• _Data provided_

......

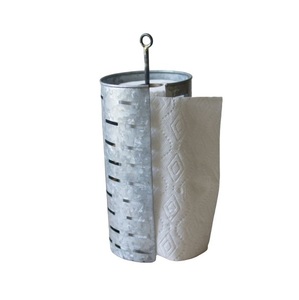 Servilletero de aluminio con forma de árbol hecho a mano de diseñador antiguo decorativo para el hogar - Product Image 6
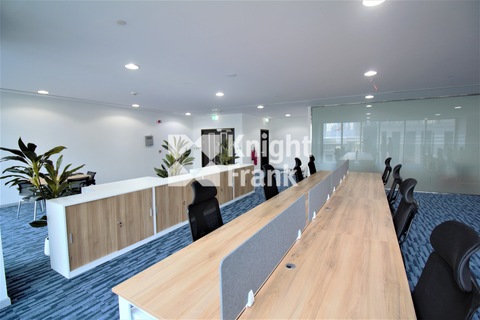 Fully Furnished | Prime Bldg | Leed Certified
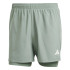 Calça Running adidas Homem de Own the Run 2In1 Green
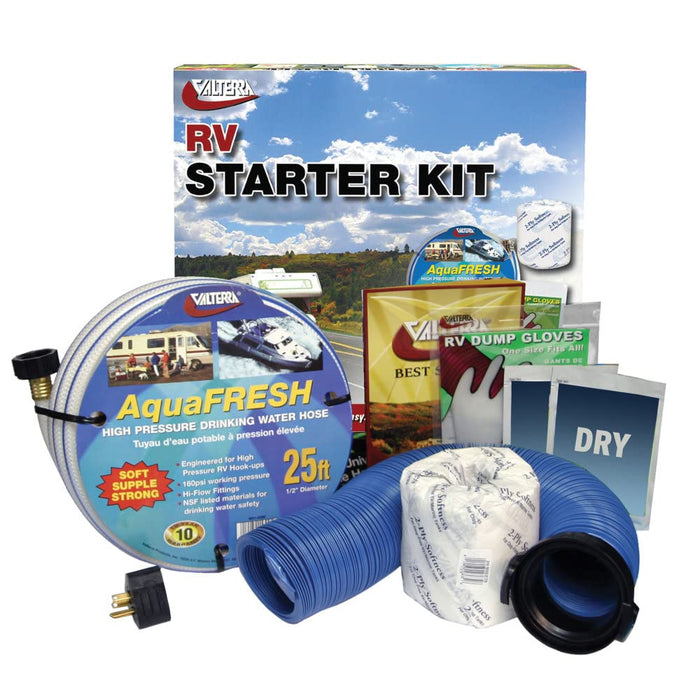 Valterra K88105 Rv Accessory Standard Starter Kit w/Pure Power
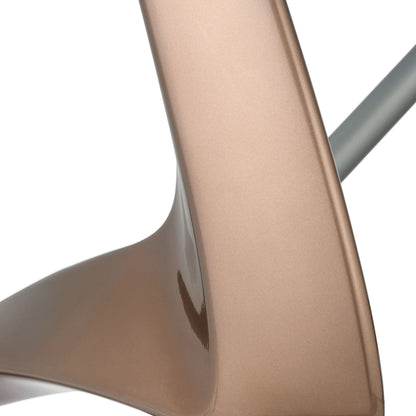 Close-up of the carbon composite frame finish on the byACRE Carbon Overland rollator.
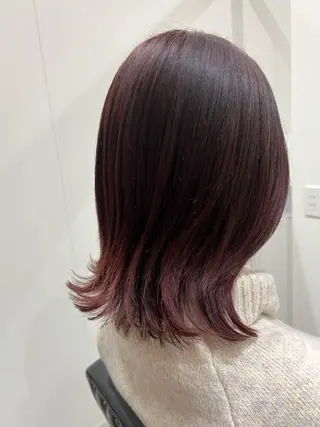 ミディアム Adachi Fujikoのヘアスタイル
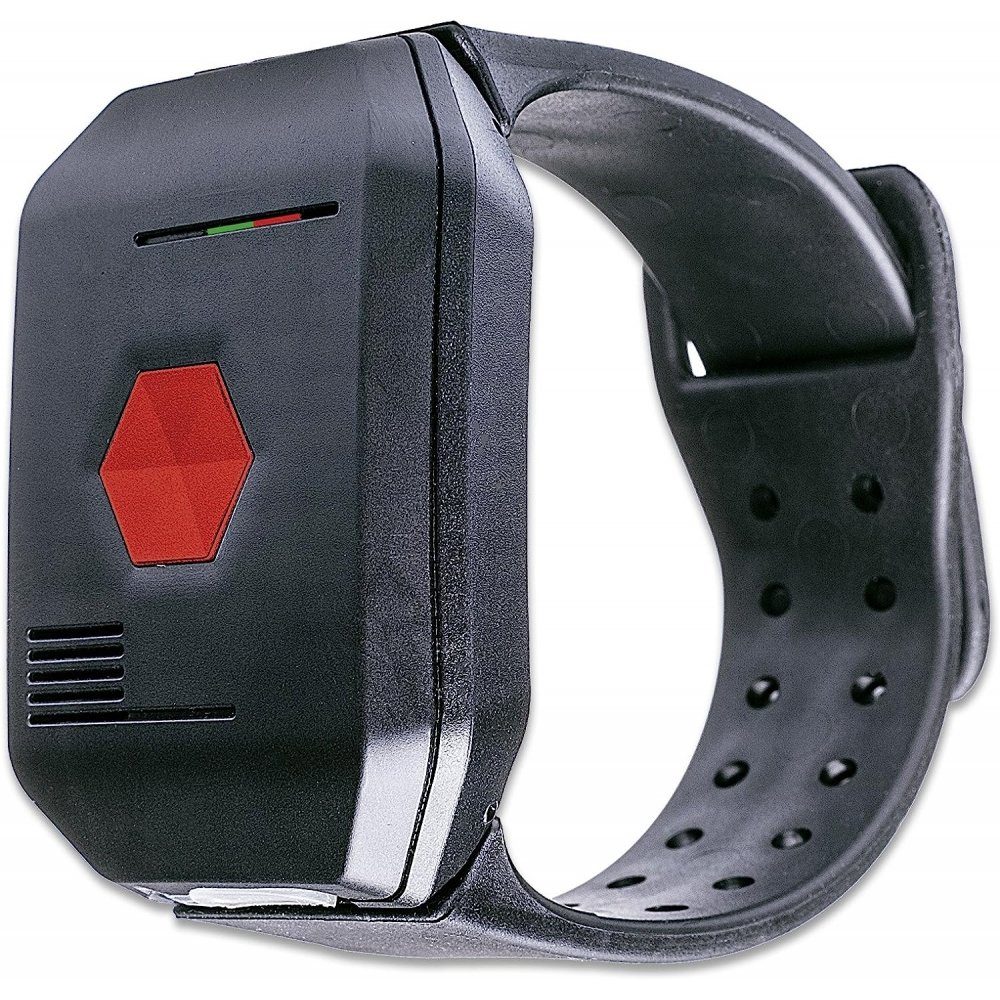 disty NEO - mobiles Notfallarmband für Zuhause - schwarz Watch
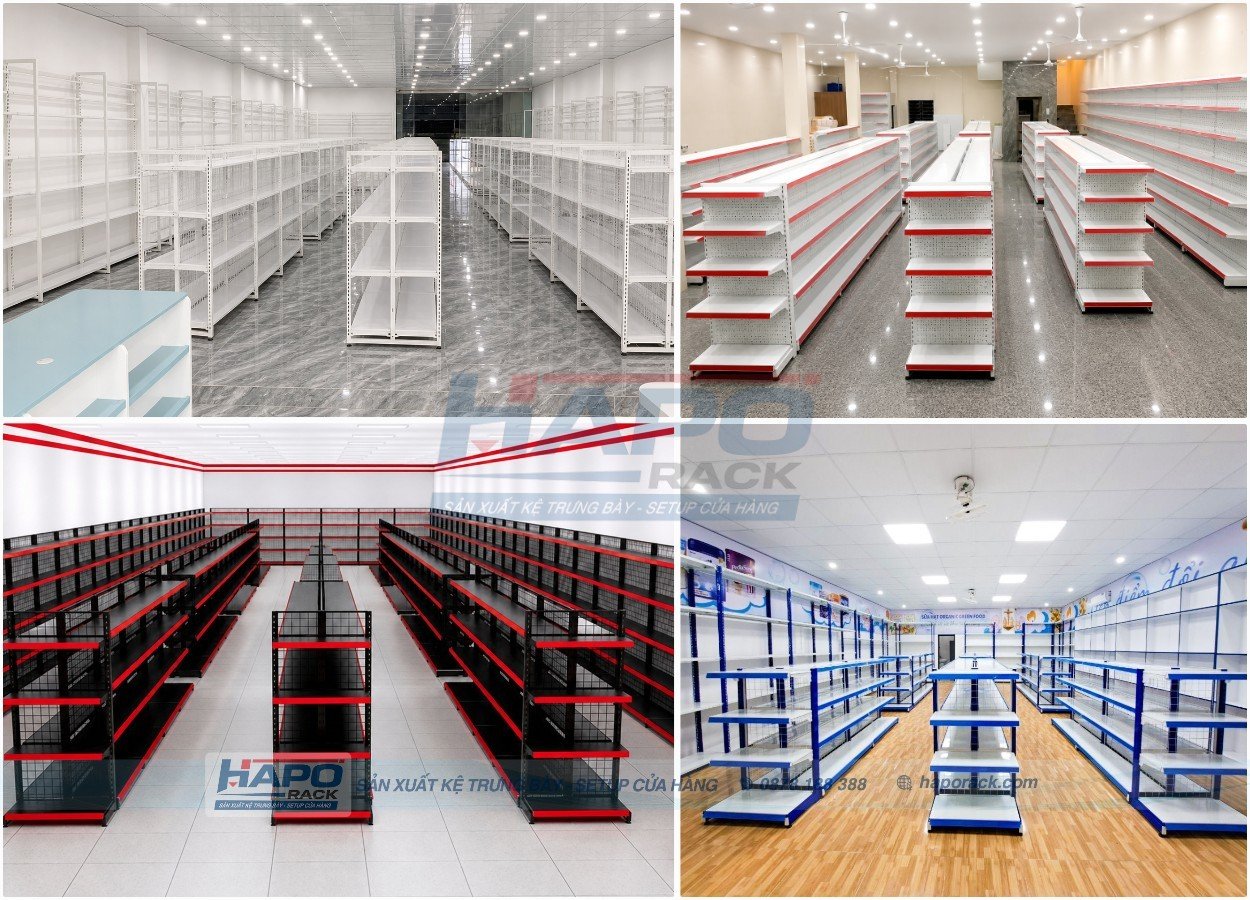 Sản Xuất Kệ Siêu Thị Tại Phường Phú Lâm TP.HCM – Tư Vấn Bố Trí Theo Mặt Bằng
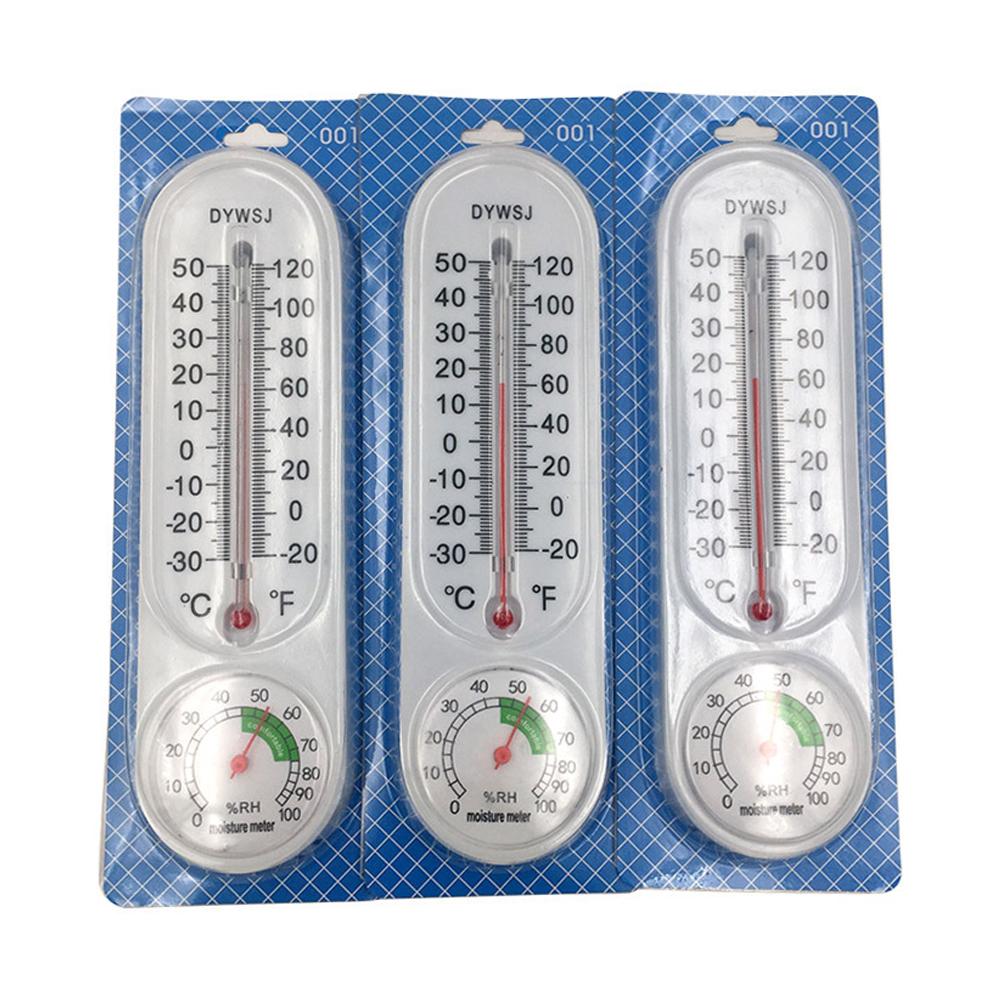 1PCS Temperature Thermometer Window Indoor Outdoor Wall Graduated Measurement Garden Home Disc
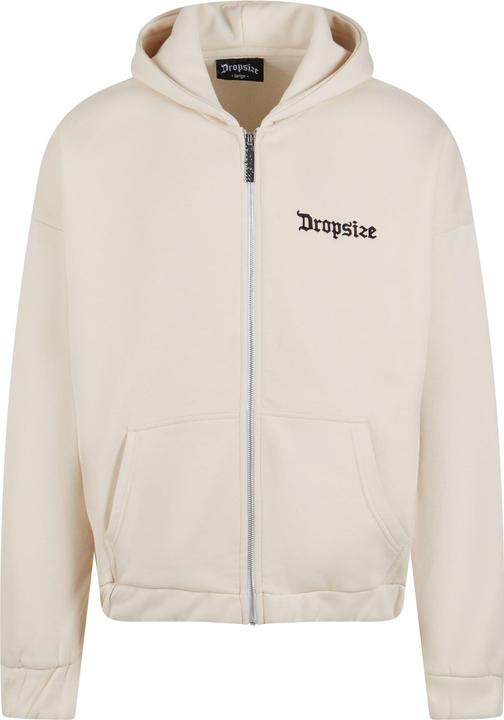 Produktbild Dropsize Super Heavy Oversize Blank Zip Hoodie - 124683 (XL)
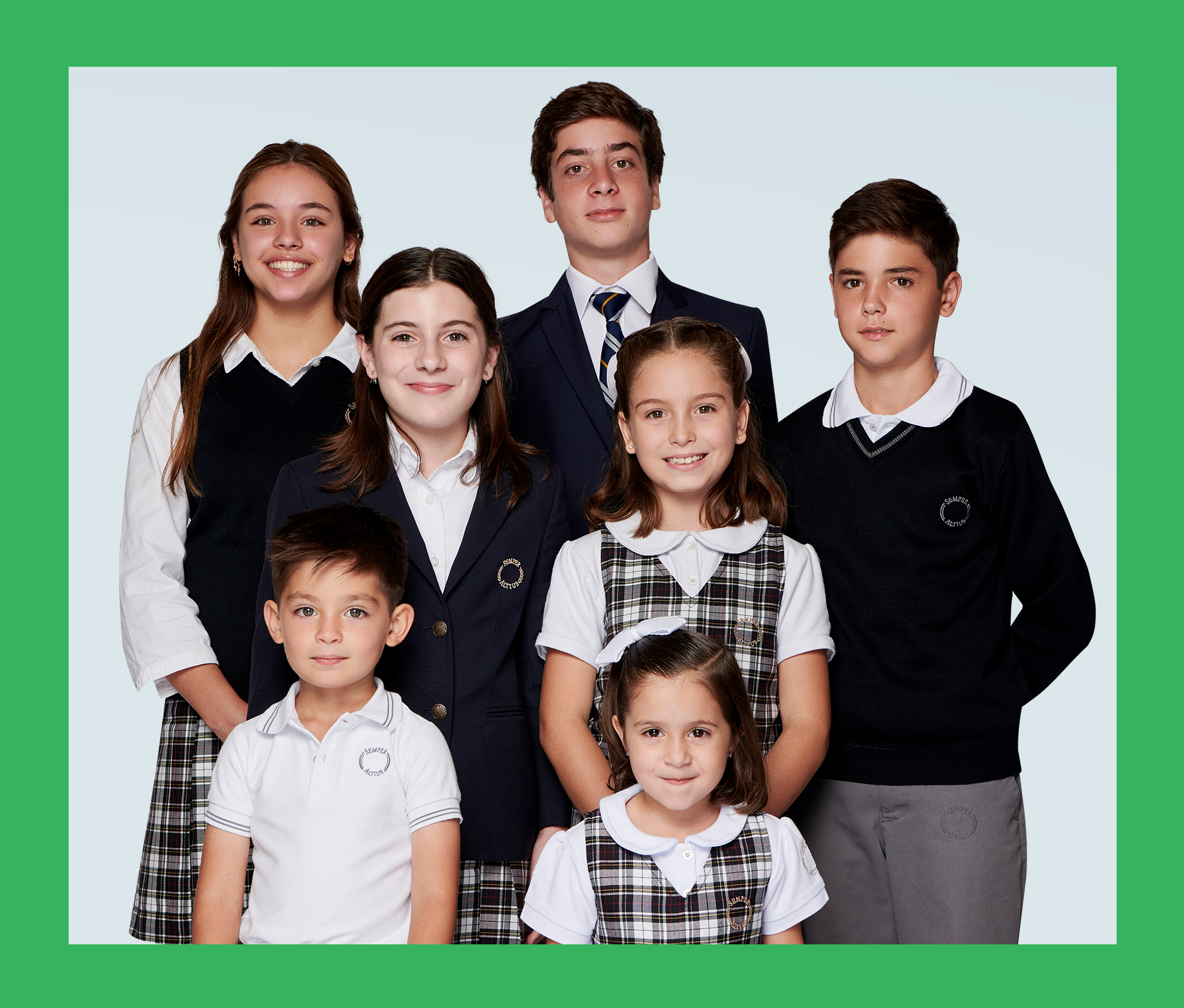 Del Bosque school institute students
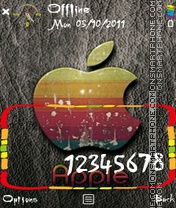 Скриншот темы Apple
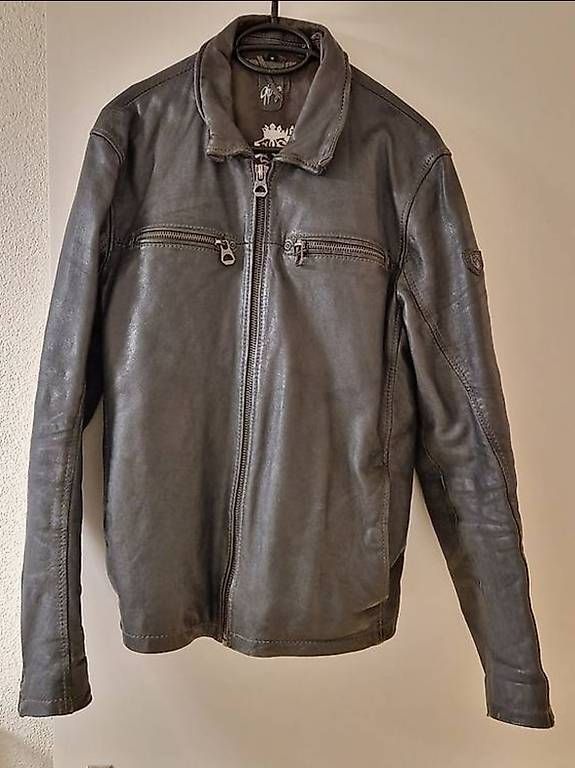 Giacche: Lederjacke Grau – Usato da Ebikon venduto da DomiLu1997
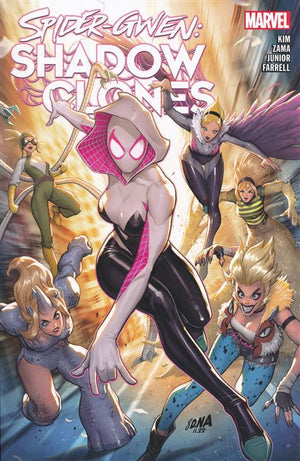 Spider-Gwen: Shadow Clones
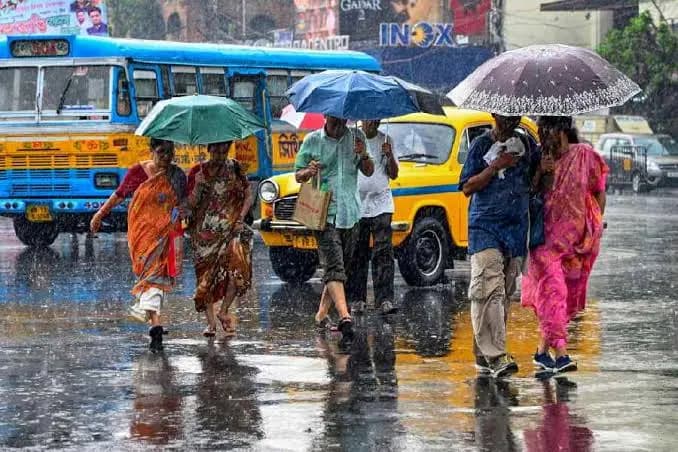 Heavy Rain forecast in some districts of west bengal gnr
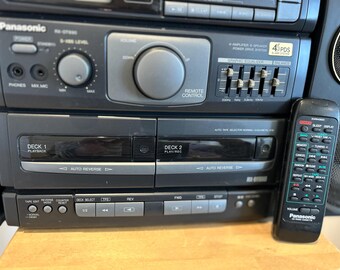 Panasonic Rx-dt690 - Etsy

......

Set down only the lines from the one with "Close-up of the" through the end of the entries, exactly as they appear, leaving out each picture.

 Close-up of the carbon composite frame finish on the byACRE Carbon Overland rollator.
 ミディアム Adachi Fujikoのヘアスタイル
 disty NEO - mobiles Notfallarmband für Zuhause - schwarz Watch
 Sản Xuất Kệ Siêu Thị Tại Phường Phú Lâm TP.HCM – Tư Vấn Bố Trí Theo Mặt Bằng
 1PCS Temperature Thermometer Window Indoor Outdoor Wall Graduated Measurement Garden Home Disc
 Produktbild Dropsize Super Heavy Oversize Blank Zip Hoodie - 124683 (XL)
 Del Bosque school institute students
 Скриншот темы Apple
 Giacche: Lederjacke Grau – Usato da Ebikon venduto da DomiLu1997
 Spider-Gwen: Shadow Clones
 Heavy Rain forecast in some districts of west bengal gnr
 Panasonic Rx-dt690 - Etsy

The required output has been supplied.